Items from a dataset
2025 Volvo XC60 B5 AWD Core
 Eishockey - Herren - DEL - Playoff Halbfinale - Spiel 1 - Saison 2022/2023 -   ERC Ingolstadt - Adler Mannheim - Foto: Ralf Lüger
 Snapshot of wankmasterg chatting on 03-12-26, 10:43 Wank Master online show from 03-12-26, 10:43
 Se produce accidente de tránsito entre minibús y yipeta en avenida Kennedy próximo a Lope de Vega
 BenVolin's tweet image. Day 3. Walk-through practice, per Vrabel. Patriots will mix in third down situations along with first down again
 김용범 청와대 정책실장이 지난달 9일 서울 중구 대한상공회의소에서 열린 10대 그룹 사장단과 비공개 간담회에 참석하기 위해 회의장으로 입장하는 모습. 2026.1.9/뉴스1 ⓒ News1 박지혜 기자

◆ Work required ◆
Write out the lines of the entries, word for word, from the first through the one containing "Snapshot of wankmasterg", and stop at that line.

◆ Result ◆
2025 Volvo XC60 B5 AWD Core
 Eishockey - Herren - DEL - Playoff Halbfinale - Spiel 1 - Saison 2022/2023 -   ERC Ingolstadt - Adler Mannheim - Foto: Ralf Lüger
 Snapshot of wankmasterg chatting on 03-12-26, 10:43 Wank Master online show from 03-12-26, 10:43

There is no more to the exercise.